Wish they had dual exhaust for the brutes


----------



## walker (Apr 5, 2009)

i think thats a dual big gun..


----------



## bigblackbrute (Jun 3, 2009)

yep sounds good. ive gt a big gun on the way for my bruter and i hope it sounds half as good as that. hes gna need a new belt before long.


----------



## Polaris425 (Dec 16, 2004)

I'd probably hate riding with that guy. I can't stand being around people with bad throttle control, always on an off, especially with loud pipes..

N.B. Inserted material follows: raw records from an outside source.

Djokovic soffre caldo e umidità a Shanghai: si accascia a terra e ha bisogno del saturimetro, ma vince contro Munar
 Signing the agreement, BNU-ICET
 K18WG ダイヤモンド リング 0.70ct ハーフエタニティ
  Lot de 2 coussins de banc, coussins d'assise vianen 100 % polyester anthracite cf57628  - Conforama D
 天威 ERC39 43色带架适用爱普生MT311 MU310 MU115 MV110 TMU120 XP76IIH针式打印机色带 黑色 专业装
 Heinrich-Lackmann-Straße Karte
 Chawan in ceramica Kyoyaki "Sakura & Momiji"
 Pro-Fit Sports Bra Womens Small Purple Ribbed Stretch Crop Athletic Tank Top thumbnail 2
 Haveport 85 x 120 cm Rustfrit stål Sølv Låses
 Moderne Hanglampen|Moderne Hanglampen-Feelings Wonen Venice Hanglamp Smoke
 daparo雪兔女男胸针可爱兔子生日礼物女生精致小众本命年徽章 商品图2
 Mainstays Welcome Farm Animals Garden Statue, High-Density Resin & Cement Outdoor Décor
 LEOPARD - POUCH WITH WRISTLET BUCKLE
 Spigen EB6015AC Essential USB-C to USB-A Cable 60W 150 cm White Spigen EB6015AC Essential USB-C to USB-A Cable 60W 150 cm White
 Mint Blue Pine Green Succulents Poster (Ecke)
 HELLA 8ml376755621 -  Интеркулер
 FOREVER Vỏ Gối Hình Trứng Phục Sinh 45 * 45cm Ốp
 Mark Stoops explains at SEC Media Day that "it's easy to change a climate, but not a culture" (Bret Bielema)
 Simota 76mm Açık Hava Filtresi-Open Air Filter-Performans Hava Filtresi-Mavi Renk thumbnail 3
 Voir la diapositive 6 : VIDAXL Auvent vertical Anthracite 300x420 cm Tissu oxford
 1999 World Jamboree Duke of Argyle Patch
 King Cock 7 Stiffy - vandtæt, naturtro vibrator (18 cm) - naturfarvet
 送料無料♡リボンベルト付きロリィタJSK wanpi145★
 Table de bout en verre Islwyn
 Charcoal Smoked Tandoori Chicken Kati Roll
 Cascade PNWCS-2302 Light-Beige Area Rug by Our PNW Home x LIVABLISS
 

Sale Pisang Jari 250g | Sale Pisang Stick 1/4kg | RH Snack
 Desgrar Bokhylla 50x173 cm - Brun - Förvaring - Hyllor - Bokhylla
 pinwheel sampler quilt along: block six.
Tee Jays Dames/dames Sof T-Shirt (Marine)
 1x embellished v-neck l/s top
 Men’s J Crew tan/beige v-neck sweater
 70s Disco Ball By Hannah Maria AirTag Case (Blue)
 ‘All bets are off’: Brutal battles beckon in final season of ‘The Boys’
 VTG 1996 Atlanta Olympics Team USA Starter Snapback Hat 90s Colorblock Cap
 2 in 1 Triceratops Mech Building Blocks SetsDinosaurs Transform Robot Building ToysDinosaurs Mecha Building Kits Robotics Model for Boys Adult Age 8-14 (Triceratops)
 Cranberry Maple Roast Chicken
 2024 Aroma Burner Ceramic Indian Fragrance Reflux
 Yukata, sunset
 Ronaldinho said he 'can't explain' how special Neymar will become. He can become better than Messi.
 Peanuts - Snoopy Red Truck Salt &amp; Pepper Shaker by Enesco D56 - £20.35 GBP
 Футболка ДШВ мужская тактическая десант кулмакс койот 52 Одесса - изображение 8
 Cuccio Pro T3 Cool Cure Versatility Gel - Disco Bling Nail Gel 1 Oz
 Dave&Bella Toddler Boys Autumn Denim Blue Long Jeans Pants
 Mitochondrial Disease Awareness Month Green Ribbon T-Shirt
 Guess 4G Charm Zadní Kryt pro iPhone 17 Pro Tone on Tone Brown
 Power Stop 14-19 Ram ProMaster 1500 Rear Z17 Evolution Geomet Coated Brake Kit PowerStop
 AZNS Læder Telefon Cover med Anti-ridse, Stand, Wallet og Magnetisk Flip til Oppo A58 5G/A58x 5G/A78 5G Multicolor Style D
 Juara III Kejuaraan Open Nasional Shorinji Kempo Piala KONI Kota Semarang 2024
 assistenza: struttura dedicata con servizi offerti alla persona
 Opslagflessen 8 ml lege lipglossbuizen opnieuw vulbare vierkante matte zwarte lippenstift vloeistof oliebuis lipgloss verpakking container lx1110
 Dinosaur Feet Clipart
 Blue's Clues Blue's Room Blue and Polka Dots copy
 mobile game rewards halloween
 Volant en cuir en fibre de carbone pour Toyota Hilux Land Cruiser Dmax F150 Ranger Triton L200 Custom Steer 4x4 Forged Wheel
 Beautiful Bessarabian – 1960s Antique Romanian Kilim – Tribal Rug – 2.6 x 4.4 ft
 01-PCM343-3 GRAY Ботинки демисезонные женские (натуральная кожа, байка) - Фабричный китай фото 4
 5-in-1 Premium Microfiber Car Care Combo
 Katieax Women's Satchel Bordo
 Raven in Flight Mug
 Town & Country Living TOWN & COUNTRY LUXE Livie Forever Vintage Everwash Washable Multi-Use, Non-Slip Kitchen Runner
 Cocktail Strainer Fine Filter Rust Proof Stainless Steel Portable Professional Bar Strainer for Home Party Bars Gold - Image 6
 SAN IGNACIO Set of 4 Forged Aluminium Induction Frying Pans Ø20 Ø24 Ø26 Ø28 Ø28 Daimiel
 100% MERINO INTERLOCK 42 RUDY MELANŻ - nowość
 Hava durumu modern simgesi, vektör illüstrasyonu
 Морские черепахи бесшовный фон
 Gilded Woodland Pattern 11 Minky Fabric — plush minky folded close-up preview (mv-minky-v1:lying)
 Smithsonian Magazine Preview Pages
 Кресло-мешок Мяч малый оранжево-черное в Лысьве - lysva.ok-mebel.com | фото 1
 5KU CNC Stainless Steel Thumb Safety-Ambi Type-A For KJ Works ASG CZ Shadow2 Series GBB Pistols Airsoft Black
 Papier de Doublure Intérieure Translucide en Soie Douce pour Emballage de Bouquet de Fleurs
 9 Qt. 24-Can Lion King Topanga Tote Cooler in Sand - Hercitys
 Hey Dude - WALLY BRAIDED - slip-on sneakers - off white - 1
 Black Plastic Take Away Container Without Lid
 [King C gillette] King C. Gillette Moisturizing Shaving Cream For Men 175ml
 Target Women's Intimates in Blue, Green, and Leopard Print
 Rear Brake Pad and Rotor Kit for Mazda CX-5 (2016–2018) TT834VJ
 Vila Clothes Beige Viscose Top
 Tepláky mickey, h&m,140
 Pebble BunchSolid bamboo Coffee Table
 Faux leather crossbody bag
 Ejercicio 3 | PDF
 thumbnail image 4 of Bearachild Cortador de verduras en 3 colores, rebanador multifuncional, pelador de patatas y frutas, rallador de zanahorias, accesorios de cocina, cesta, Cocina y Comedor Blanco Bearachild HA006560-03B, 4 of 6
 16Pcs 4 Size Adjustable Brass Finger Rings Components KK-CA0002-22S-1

WAAAAAA ............ WAAAAAAAAAAAA .......... WAAAA ............. WAAAAAAAAAAAAAAAAAA ............... WAAAAAAAAAAA


Probably why I quit going on big rides. lol I'm turning into an old fart. :nutkick:

It does look cool though, but, I bet it wouldnt hold a candle to Toby's (superbogger750)


----------



## filthyredneck (Feb 10, 2010)

Honestly sounds alot like my brute does (at least the way it sounds to me while I'm riding it...havnt really heard it from a bystanders point of view) ...mine definitely has a very defined lope to it though, but has a similar tone to that. ...I dunno, meangreen360, walker, monsterbrute750, notorious....what do yall think? You've all heard it.


----------



## fstang24 (Jan 9, 2010)

the exhaust on the teryx its not a muzzy or neither a big gun, its a dragonfire dual exhaust system...........


----------



## bshattuck87 (Oct 2, 2009)

It sounds awesome, very similar sounding to a small v8.

Brenton


----------



## DLB (Oct 8, 2009)

Polaris425 said:


> I'd probably hate riding with that guy. I can't stand being around people with bad throttle control, always on an off, especially with loud pipes..
> 
> WAAAAAA ............ WAAAAAAAAAAAA .......... WAAAA ............. WAAAAAAAAAAAAAAAAAA ............... WAAAAAAAAAAA
> (superbogger750)


Couldn't agree more...He's either showing off or he doesn't have a clue how to ride. Nevertheless, it does sound pretty good.


----------



## monsterbrute750 (Apr 13, 2010)

I was actually there on New Years and talked to the guy. There is "Nothing" stock about the motor he is running in that Teryx.
And for those who have ever been to Shiloh Ridge [Alto] those sections he is doing in the video are waaaay more intimidating in person. The video does not do it justice.


----------



## edtman (Jul 4, 2009)

Definately sounds sweet. Is it just me or did it sound like it was working harder than the wheels were turning? I was expecting some serious mud slinging through that slop. Cool vid, thanks.


----------



## Coolwizard (Feb 28, 2009)

edtman said:


> Is it just me or did it sound like it was working harder than the wheels were turning? I was expecting some serious mud slinging through that slop. Cool vid, thanks.


Me too.


----------



## walker (Apr 5, 2009)

everyone knows money makes up for not having brains !!!!!!!! lol


----------



## Big D (Jun 23, 2009)

^^ I must be REALLY smart then


----------



## HondaGuy (Mar 2, 2010)

edtman said:


> Definately sounds sweet. Is it just me or did it sound like it was working harder than the wheels were turning? I was expecting some serious mud slinging through that slop. Cool vid, thanks.


Me three.


----------



## throttlejock27 (May 21, 2010)

sounds alot like my brute with my hmf utility pipe. and yea that guy would be annoying as hell to ride with


----------



## superbogger750 (Jan 8, 2009)

Yes i have to agree a Brute willm never sound like a Teryx. My brute never sounded as sweet as my Teryx. Also if you ever buy a Teryx DONT buy HMF its way to loud and everybody i know is taking them off and either buying a Muzzy or Big Gun.


----------



## rowdy-outty (Jul 28, 2010)

My friend has the Dragonfire exhaust on his Teryx and it sounds exactly like that one.


----------



## countryboy61283 (Mar 20, 2010)

Sounds great but can tell he has no throttle control,


----------



## Bootlegger (Dec 18, 2008)

superbogger750 said:


> Yes i have to agree a Brute willm never sound like a Teryx. My brute never sounded as sweet as my Teryx. Also if you ever buy a Teryx DONT buy HMF its way to loud and everybody i know is taking them off and either buying a Muzzy or Big Gun.


I agree with Toby....we sold some HMF's at work...then they came back to buy something else. We have sold a lot of Big Guns.


----------